Birthright Citizenship in a Lone Star State of Mind

I have previously blogged about a contentious remark from the last Republican Presidential Debate.  The catalyst of that conversation about Birthright Citizenship was what I deemed to be a certain candidate’s peculiar (and misleading) over-simplification of what he views to be current U.S. Law’s abhorrently liberal stance on Birthright Citizenship.  Specifically, I underlined in the course of that blog-entry that the conferral of “automatic citizenship” to a child is perhaps not as “liberal” as some of the candidates would portray it to be.  For example, I explained that in no instance can a child not born in the United States (be it even to two U.S. Citizen parents) automatically, in all instances, be guaranteed citizenship – not very liberal, huh?

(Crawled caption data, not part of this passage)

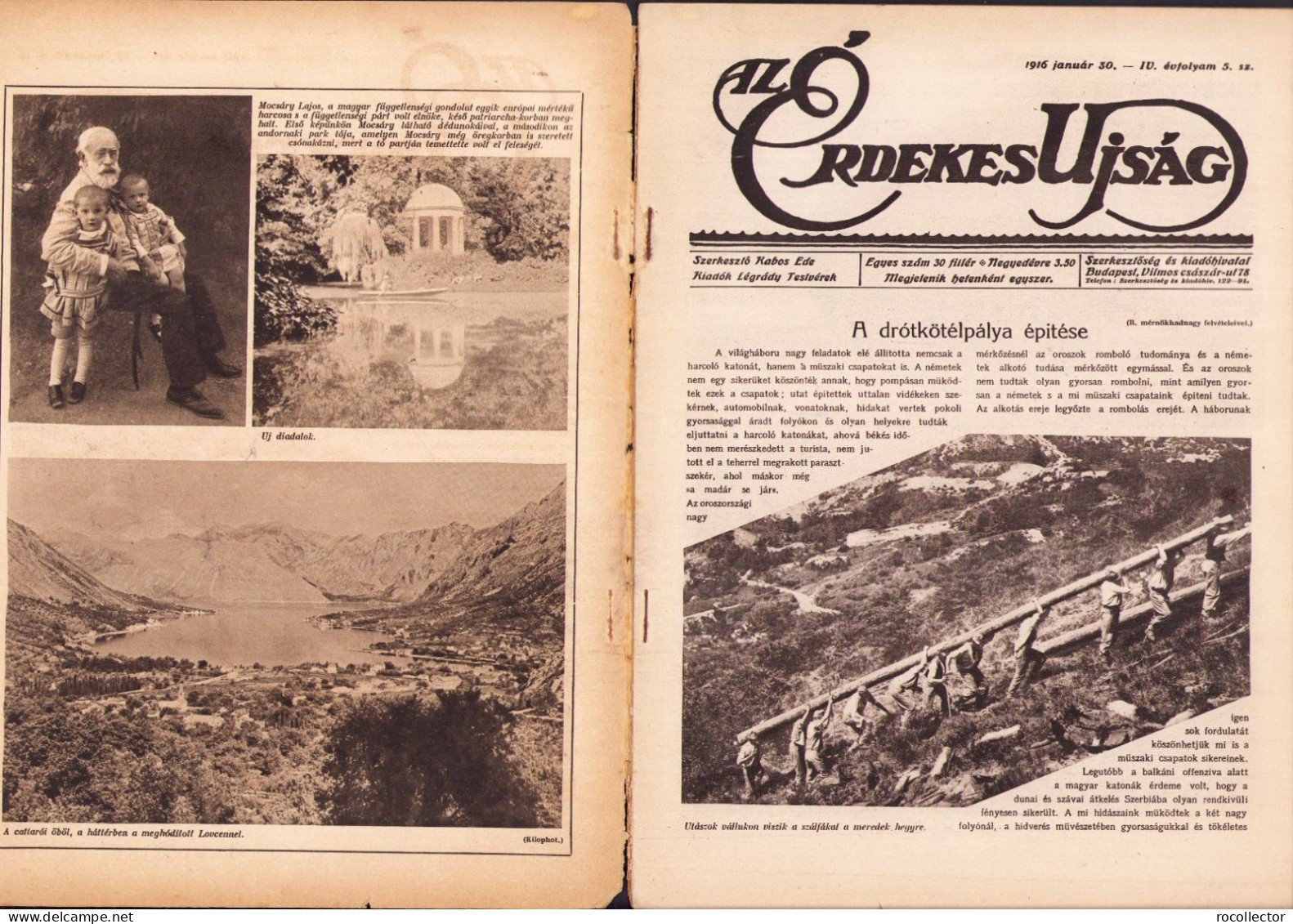 Az Érdekes Ujság 5/1916 Z449N - Geografia & Storia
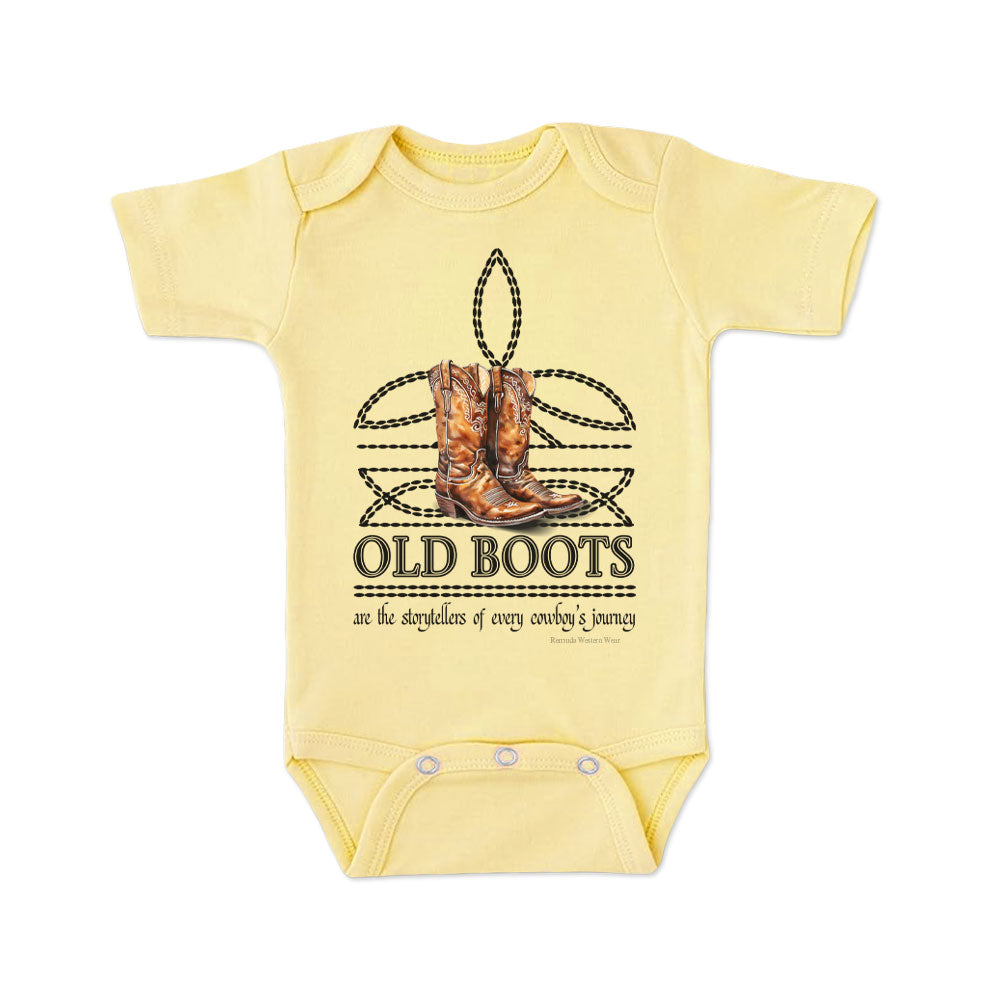 OLD BOOTS Cowboy Boot Stitch Infant Western One Piece Romper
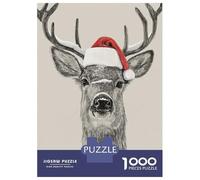 Puzzles De 1000 Pièces pour Adolescents Christmas Deer Portrait with Santa Hat Puzzles pour Adultes Jeux Relaxants Course De Vitesse Manuelle Cadeaux Anti-Stress 70x50cm/1000pcs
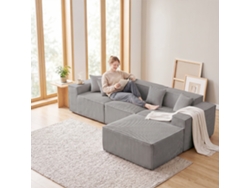Sofá Esquinero Modular Cloud De 279 Cm, No Requiere Montaje, Color Gris.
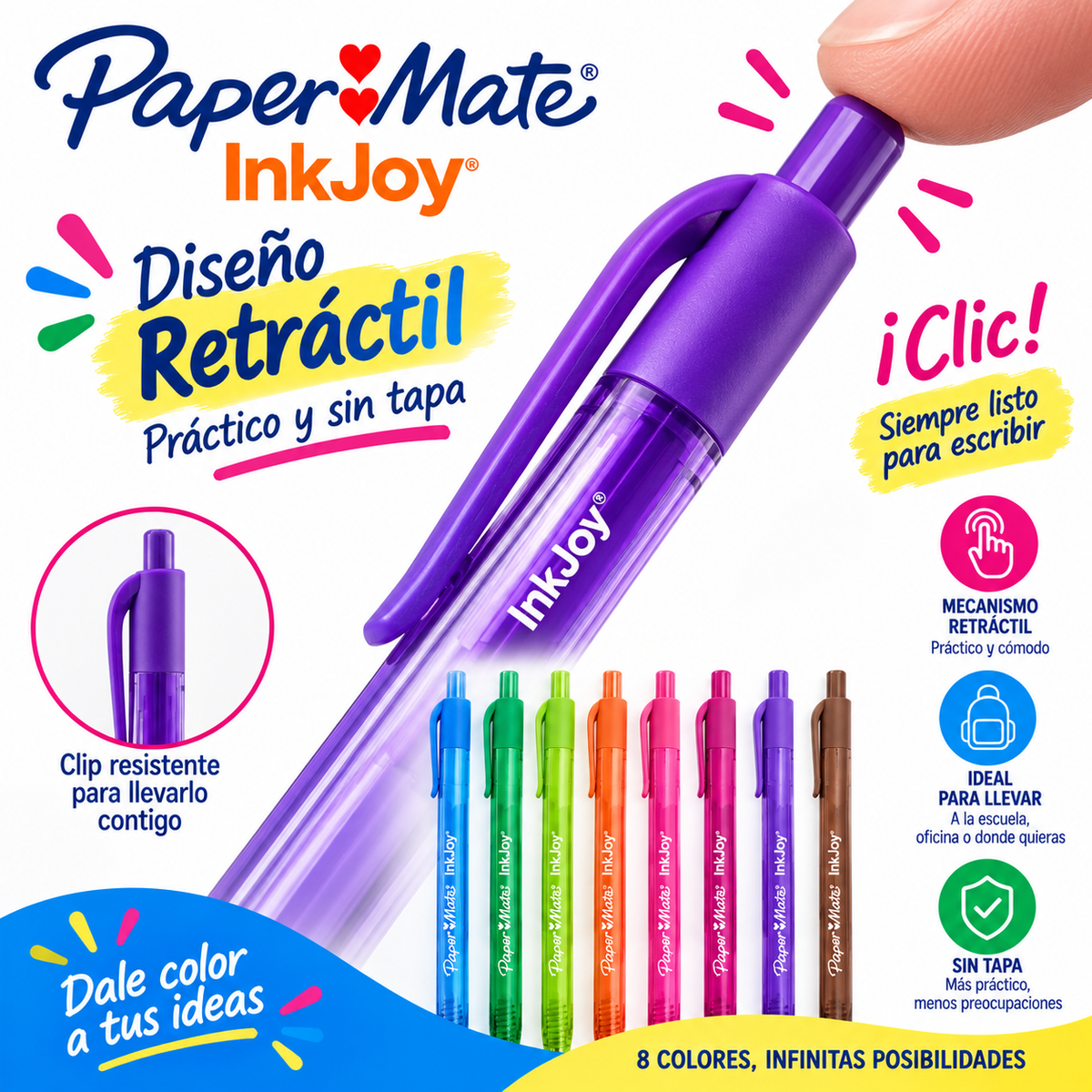 Bolígrafos Paper Mate InkJoy Retráctiles 0.7 mm – 8 Colores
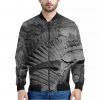 Monochrome Dinosaur Fossil Print Bomber Jacket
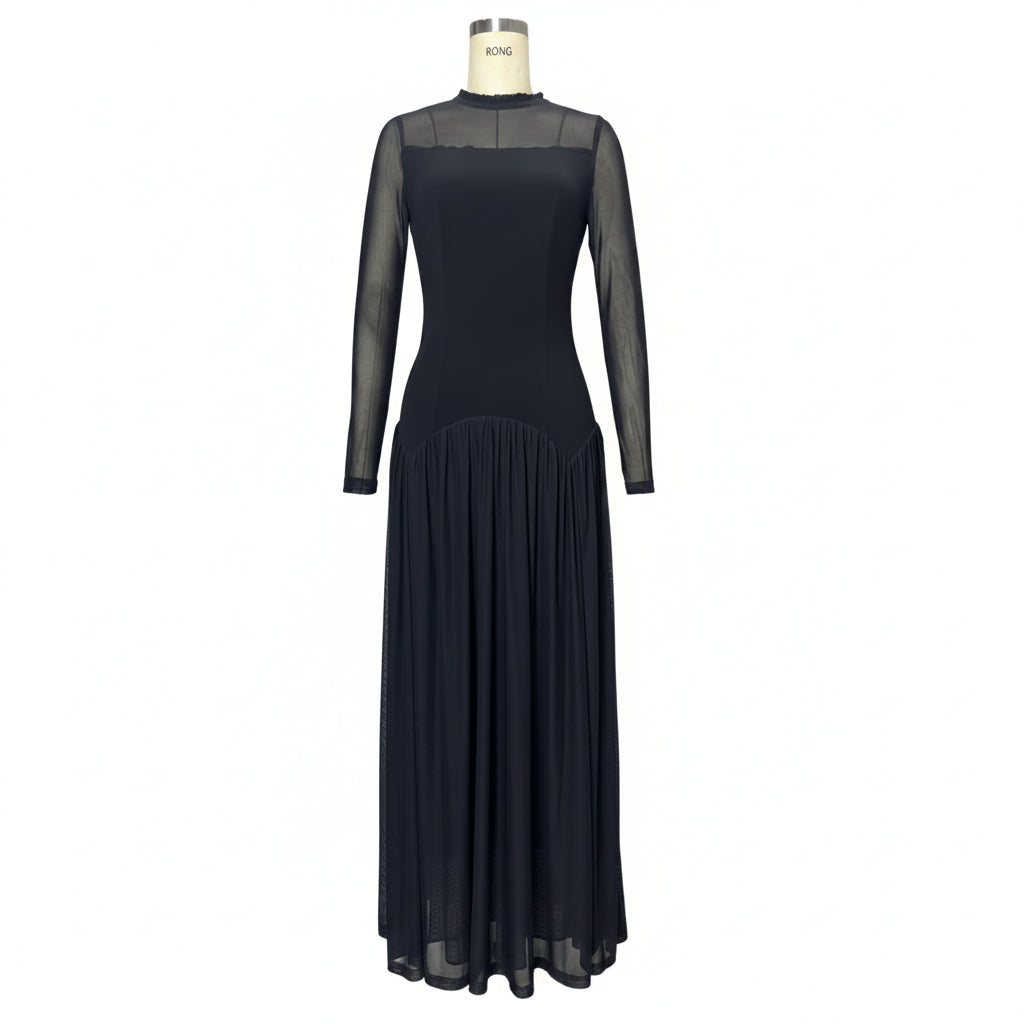 Women's Black See-Through Mesh Long Sleeve Maxi Dress – Elegant Sheer Overlay Gown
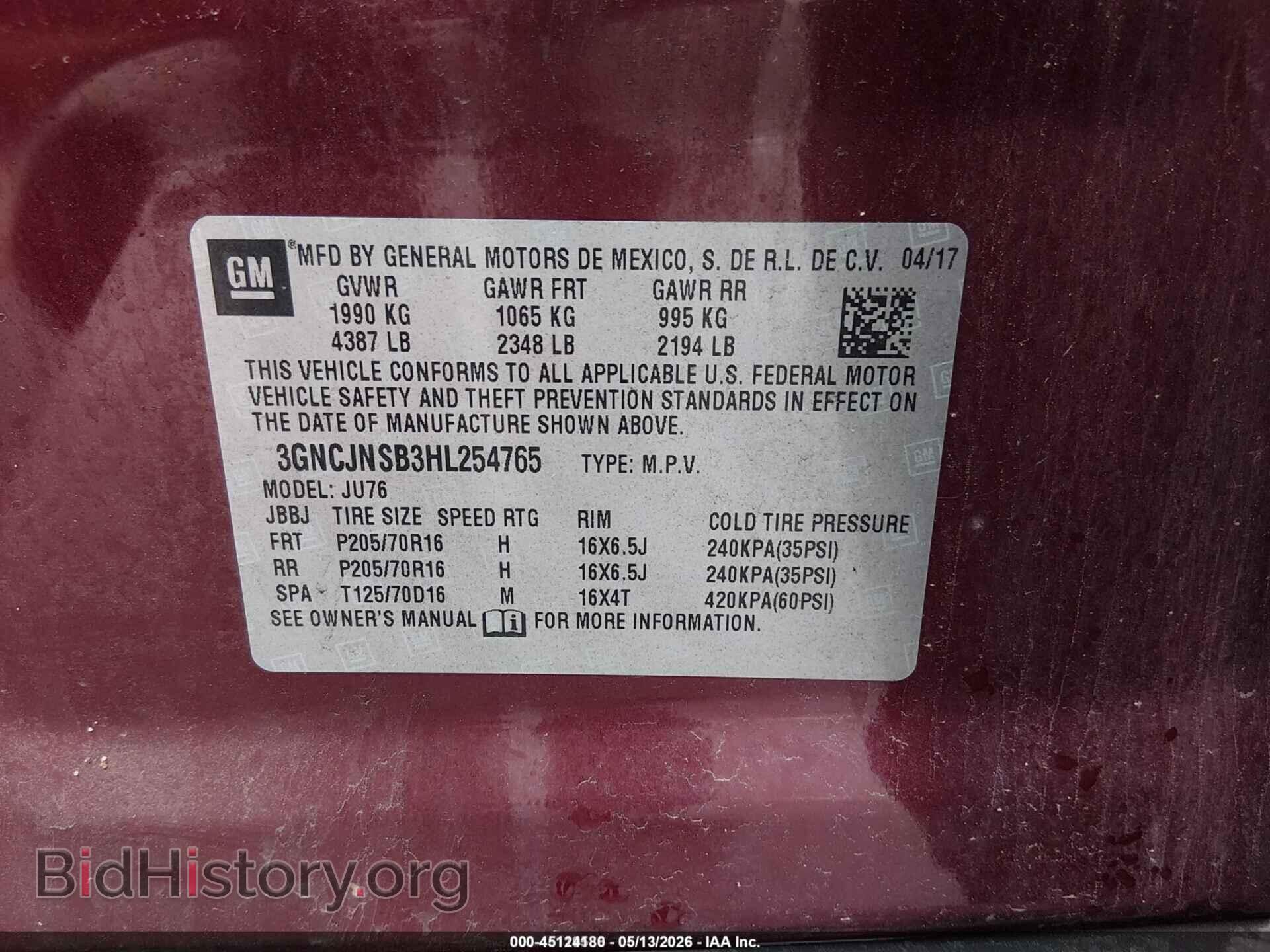 2017 CHEVROLET TRAX - VIN: 3GNCJNSB3HL254765 - Photo 9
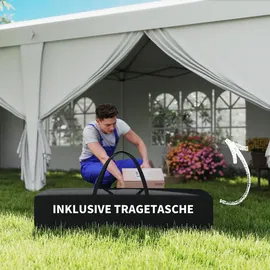 Outsunny Faltpavillon 6 x 3 m inkl. 4 Seitenteile Weiß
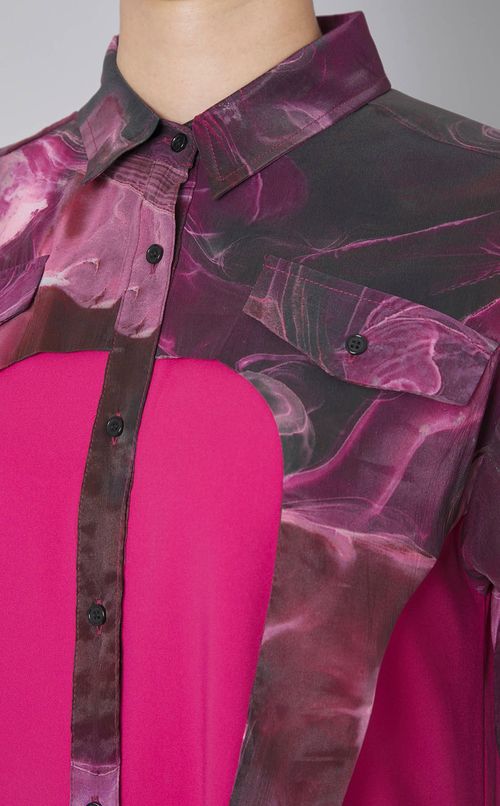 マーブルペイントイレヘムワンピース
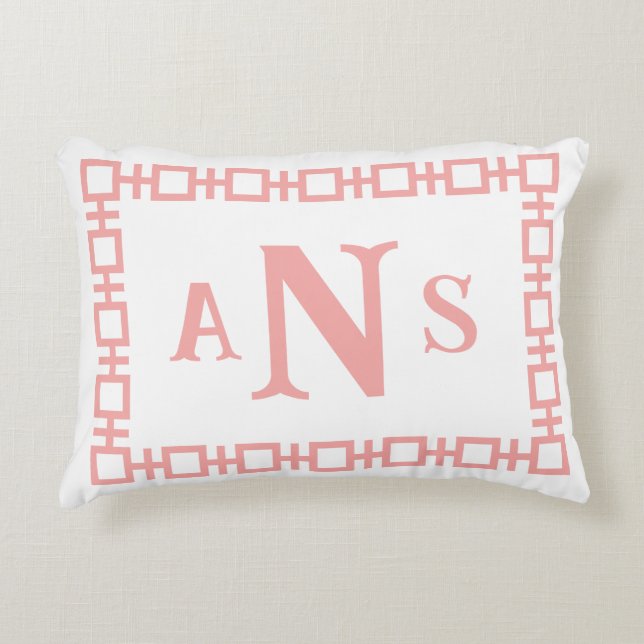 Strawberry Square Greek Key Monogram Decorative Cushion (Front)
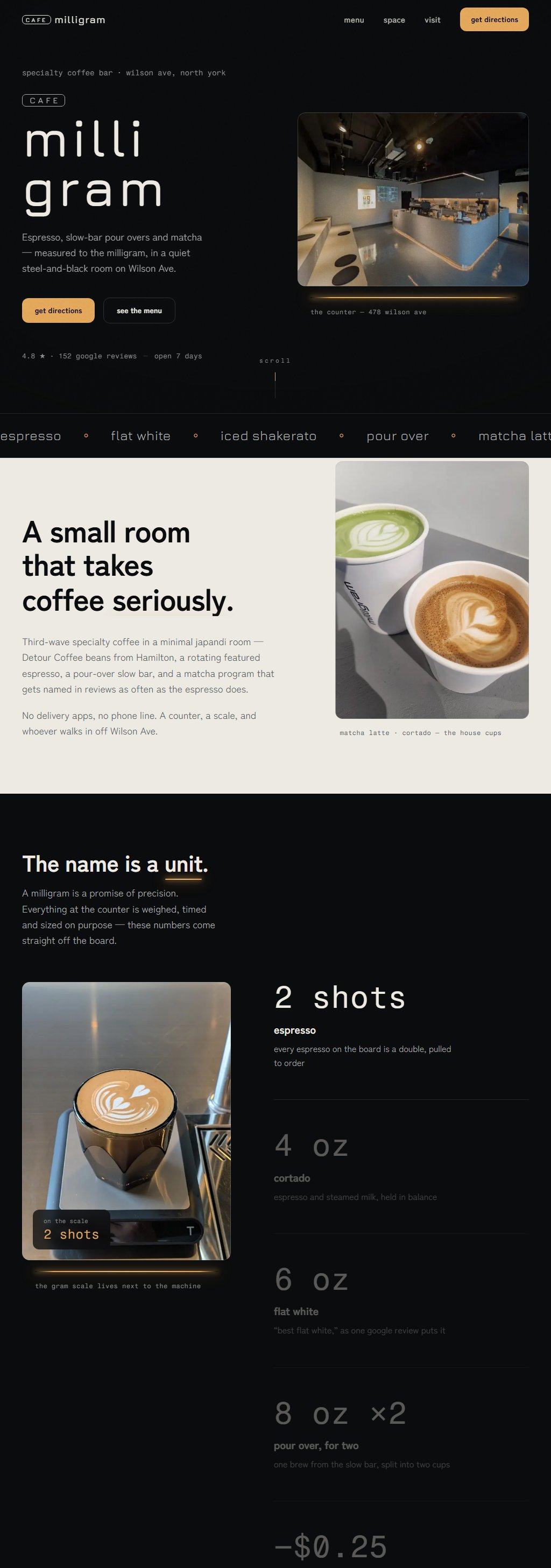 The full home page of a café website in a dark menu-board style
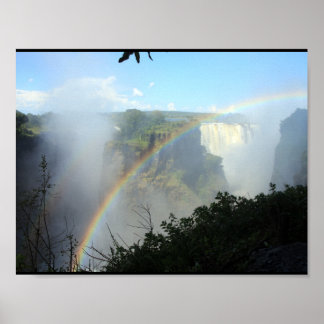 rainbow falls water waterfall park gold golden poster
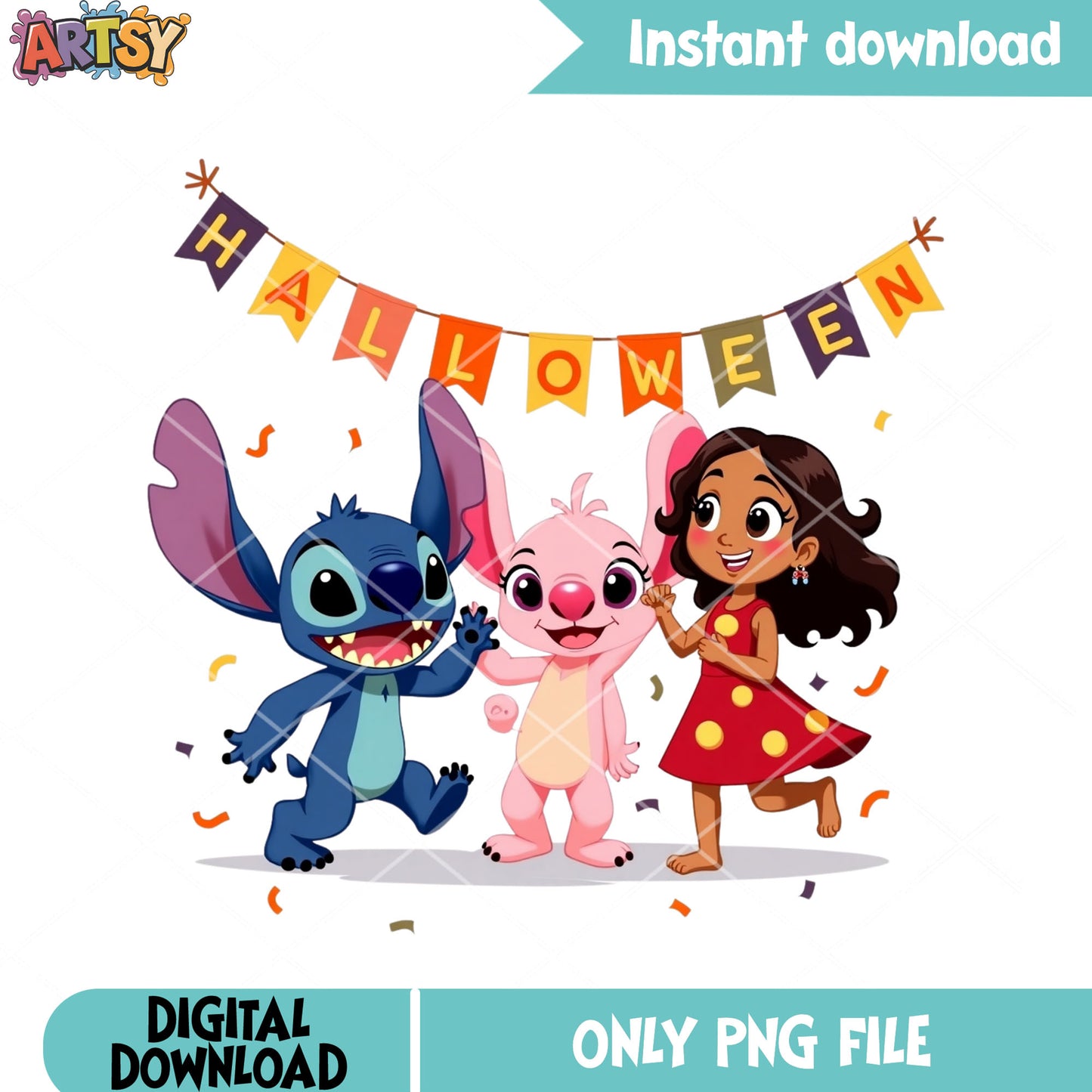Lilo stitch and angel png, disney character png, spooky halloween png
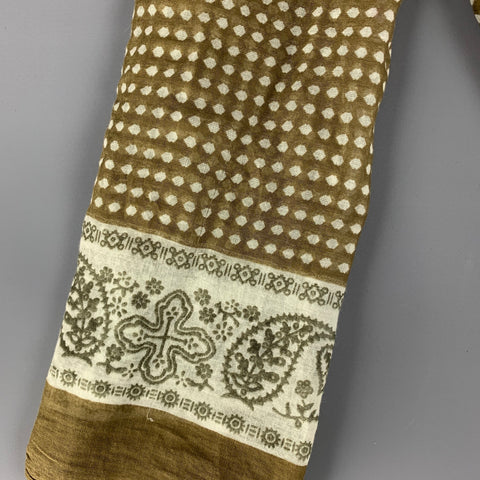 PAUL TAYLOR Olive White Print Cotton Scarf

As it turns out, those candidates who stated a desire to expressly curtail Birthright citizenship, to strip children of unlawfully present persons their right of citizenship, may not just have been whistling dixie…

Enter the erstwhile Republic of Texas – the state that, above all, has been front and center in presumably desiring to take immigration law into a stone age of sorts.  In my coverage of the DAPA fiasco, the reader will have noticed that the State of Texas is the marquis Plaintiff against the DAPA Executive Action.  Not to be messed with, Texas is at it again.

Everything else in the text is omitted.